I only had brief encounters with Father Hesburgh. I wasn’t lucky enough to spend a great deal of time with him, but just meeting him alone was certainly lucky enough. My senior year of college in 2000-01 I was the captain of the rowing team. We were a young team, both in the fact that we were the newest varsity team on campus (only three years old) and age-wise, as we only had three or four seniors on the team. Being a new team we hadn’t had a very large budget, but my senior year we were granted a larger budget and, for the first time, we were able to purchase some of the best quality racing shells. Purchasing a shell is an important thing for a crew. It’s exciting because you feel you will race faster, and there is a naming tradition.

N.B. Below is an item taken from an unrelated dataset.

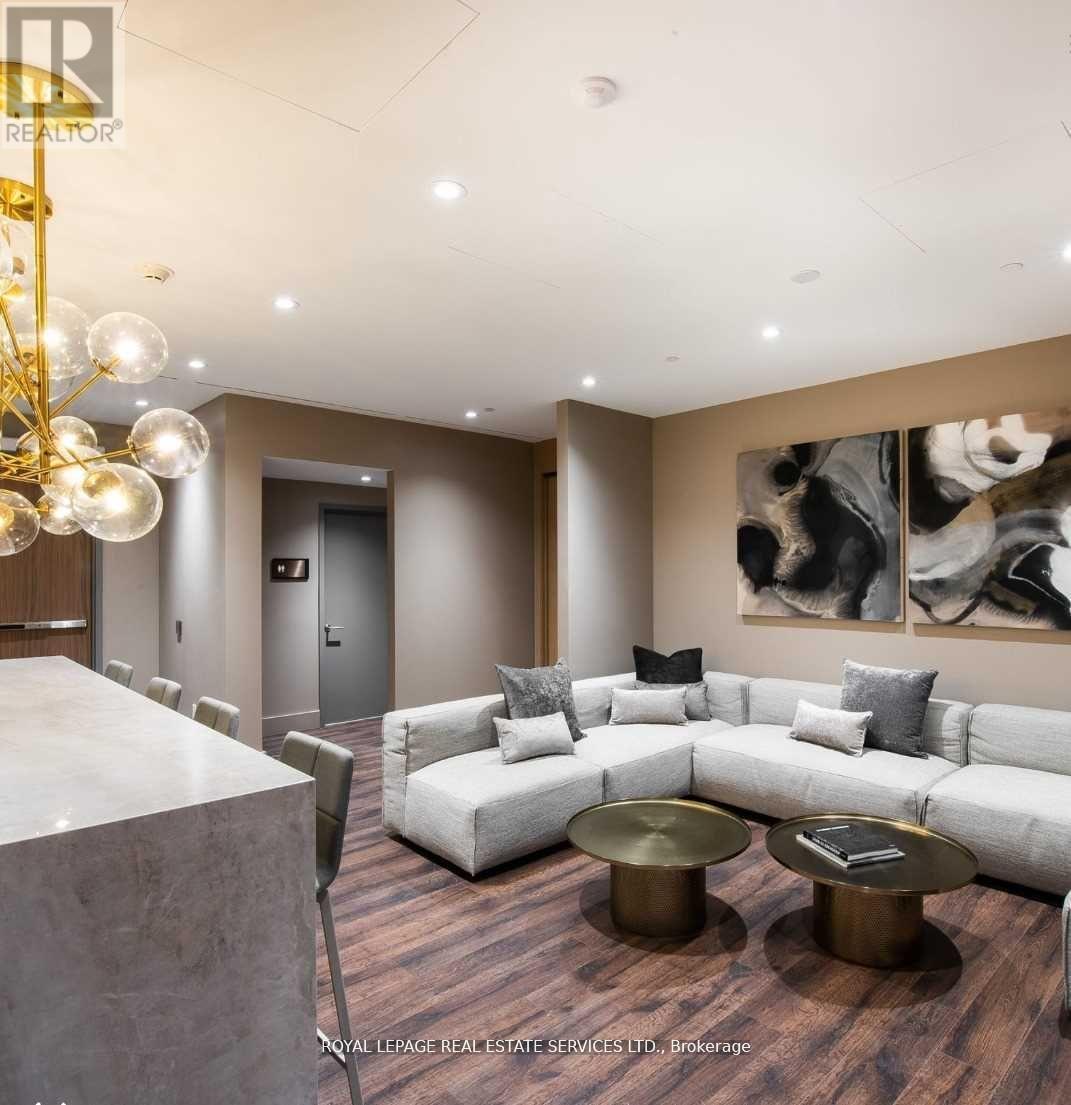 809 - 21 Park Street E, Mississauga, Ontario  L5G 1L7 - Photo 18 - W12679694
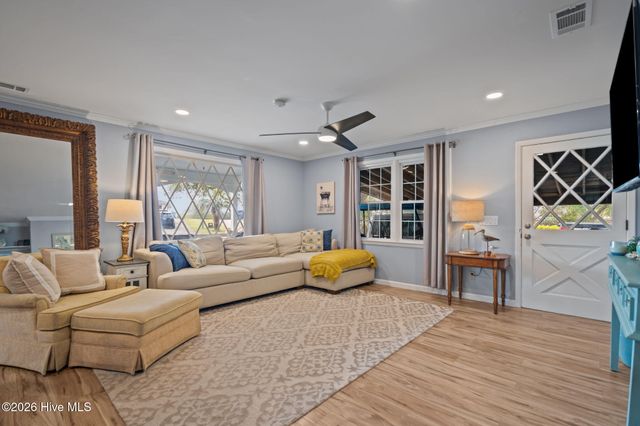 109 River Drive, Southport, NC 28461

Shells are often purchased with funds given by alumni donors, so they generally name the shell, but since the money came from our University budget, many on the team thought that we would get to vote on a name. Many teams name boats after vicious animals or inspiring phrases, so we were all thinking of suggestions. One morning, Coach Martin Stone came into the boathouse and announced that he had names for our racing shells. Our first two eights were named the Father Theodore M. Hesburgh C.S.C. and the Father Edmund P. Joyce C.S.C. Let me tell you, those are unusual names in the rowing world when you are racing against shells with names like “Apocalypse”, “Thor’s Hammer”, or “Relentless”. But we were an unusual team – we were physically smaller than most and the team was comprised almost completely from walk-ons. Coach Stone explained that since the University purchased the boats he felt it was the right thing to name them after University stalwarts. How right he was.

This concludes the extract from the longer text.